**Exercise goal**
Every entry should be duplicated verbatim, and no picture may appear in the copy.

**Data extracted from a collection**
========
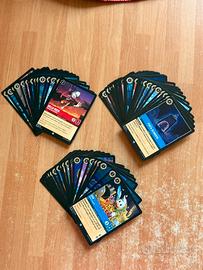 Lotto carte Disney Lorcana, One Piece e Pokemon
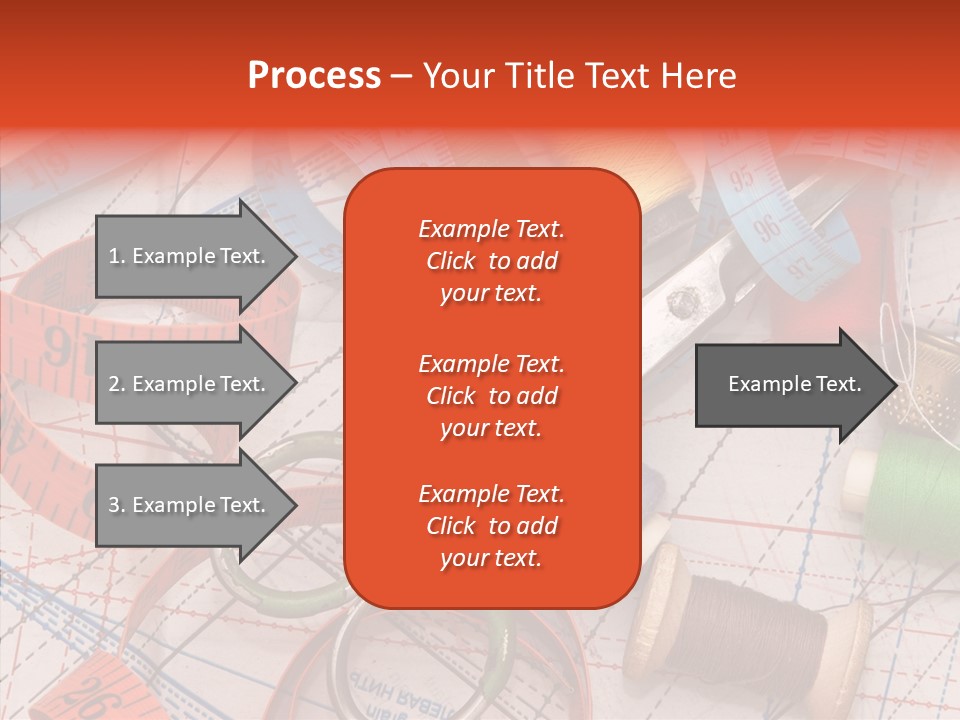 Reel Sew Orange PowerPoint Template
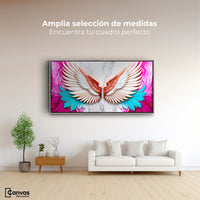 Cuadros Decorativos Canvas Revolution | Angel Vuelo Divino | Montaje3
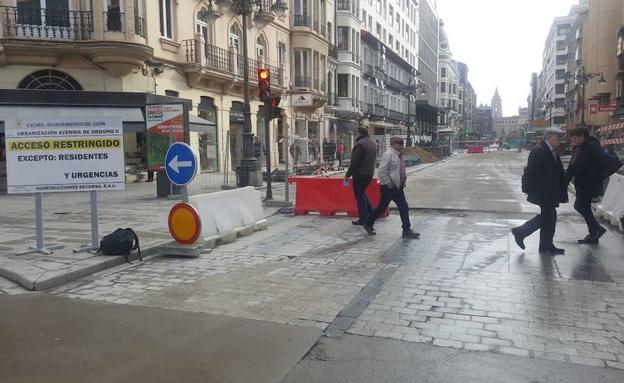 La obra obligará al cierre total de la vía a partir del lunes. 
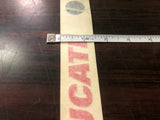 New Old Stock Ducati Logo Red and Black Decal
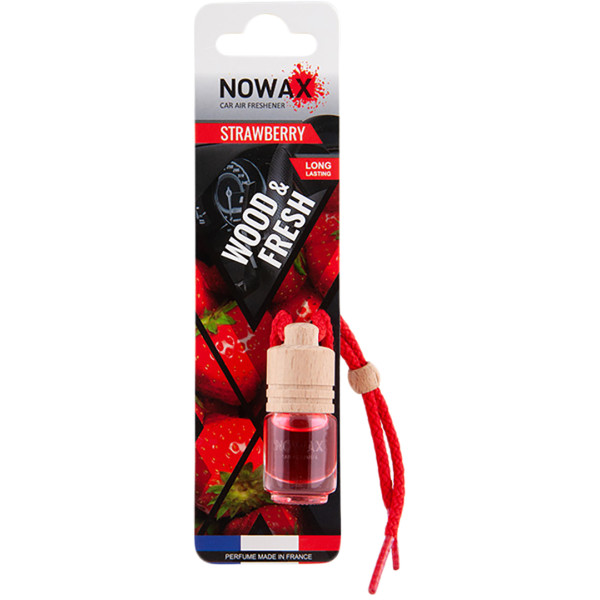 Фото - Ароматизатор для авто NOWAX Wood&Fresh Strawberry 5 мл (NX07712)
========
**Task response**
 Lotto carte Disney Lorcana, One Piece e Pokemon
 Reel Sew Orange PowerPoint Template
 Cuadros Decorativos Canvas Revolution | Angel Vuelo Divino | Montaje3
 La obra obligará al cierre total de la vía a partir del lunes. 
 New Old Stock Ducati Logo Red and Black Decal
 Фото - Ароматизатор для авто NOWAX Wood&Fresh Strawberry 5 мл (NX07712)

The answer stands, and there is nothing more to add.